Discount supermarket Aldi will be allowed to bulldoze a shopping centre in Milton Keynes without there being a final agreement on where an historic mural will eventually go.
Council officers understand that the historic bicycle mural on the wall of the derelict and empty local centre in Stantonbury is close to getting listed status but there is disagreement on what will happen to it.
Aldi is proposing that the wall could be laid flat while objectors want it to be placed upright in a nearby location. But Aldi says that option would cost £150,000 and could stop the new supermarket dead in its tracks.
Conservative group leader Cllr Alex Walker (Stantonbury) urged his colleagues at Thursday’s Development Control Committee not to lose the opportunity to redevelop the area. He said the empty shops attracted anti social behaviour, including a fire earlier this year.

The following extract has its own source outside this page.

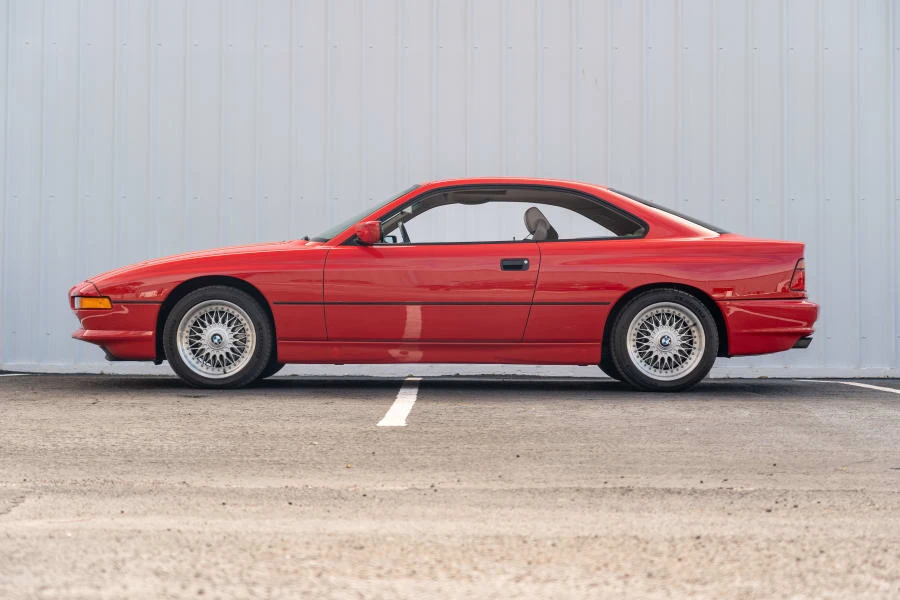1991 BMW E31 850i & 850Ci - Image 7 of 31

“Stantonbury is one of the most deprived wards in Milton Keynes,” he said. “Don’t leave Stantonbury behind. I have put my faith in Aldi, the investment is much needed and very urgent.”
Aldi’s MK-area property director Dan Pannell said he viewed the future of the mural as important, but added: “We do not consider the mural’s importance should be overstated.”

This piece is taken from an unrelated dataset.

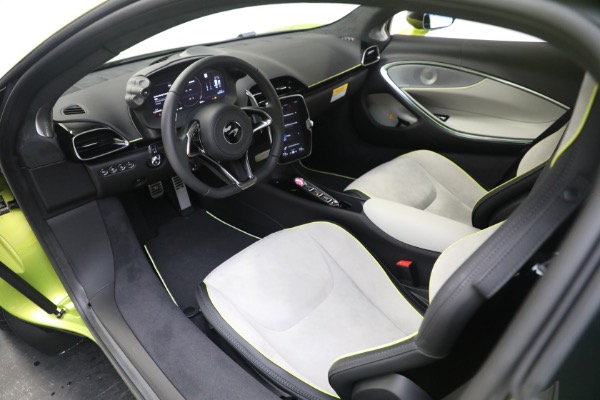 New 2023 McLaren Artura Vision for sale $277,875 at Bugatti of Greenwich in Greenwich CT 06830 19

He said the company had made an extra financial commitment to save it but going further would put the project at risk.
“We may have to withdraw interest, our commitment is not without limits. We have gone above and beyond,” he warned the committee.
“It is a piece of art with limited heritage value. This is a derelict neighbourhood centre; I urge you not to overburden Aldi with commitments.”
But objectors urged the committee to defer the application until a solution was reached.
Cllr Hannah Minns (Lab, Stantonbury) said: “The individual tiles of the mural are fragile. There is no guarantee it will survive. It is part of our living history. It is a symbolic thing.”
David Stabler, the founder of the Public Arts Trust said: “Please defer the application, you have nothing to lose.”
Tracy Darke, MK Council’s director of growth, economy, and culture said the issue of the mural had been “taxing” and coming up with a solution has been quite difficult. She said officers would like to keep future options open.
“There is a strong chance that the mural could be listed. If it is listed moving it will need listed building consent.”
She added that a planning obligation on another site could provide £90,000 towards the re-erection of the mural to another site, which the Parks Trust has identified nearby.
“But he haven’t secured it yet,” she added. “We are doing all we can to secure the mural and we are supportive of Aldi. We want to keep our options open.”
Cllr Martin Petchey (Lab, Stantonbury) said he was worried that there is a chance that the mural tiles would be left in storage to decay and be lost. He called for no demolition to take place until the matter was resolved.
Councillors voted by seven votes to three, with one abstention, not to stop the redevelopment work until a new site for the mural had been secured. Aldi had not been prepared to have that as a condition.
Cllr Andrew Geary (Cons, Newport Pagnell North & Hanslope) said: “We have to be seen to be reasonable. The applicant and the council are working together to secure the mural, if that happens, I am happy.”
But he said he wanted the issue to come back to the committee at the first sign of any pitfalls.
Tracy Darke said the council would use its “best endeavours to find a solution. There are options and we will do what we can to resolve this.”
The committee voted by 10 votes, with one abstention, to approve the Aldi application.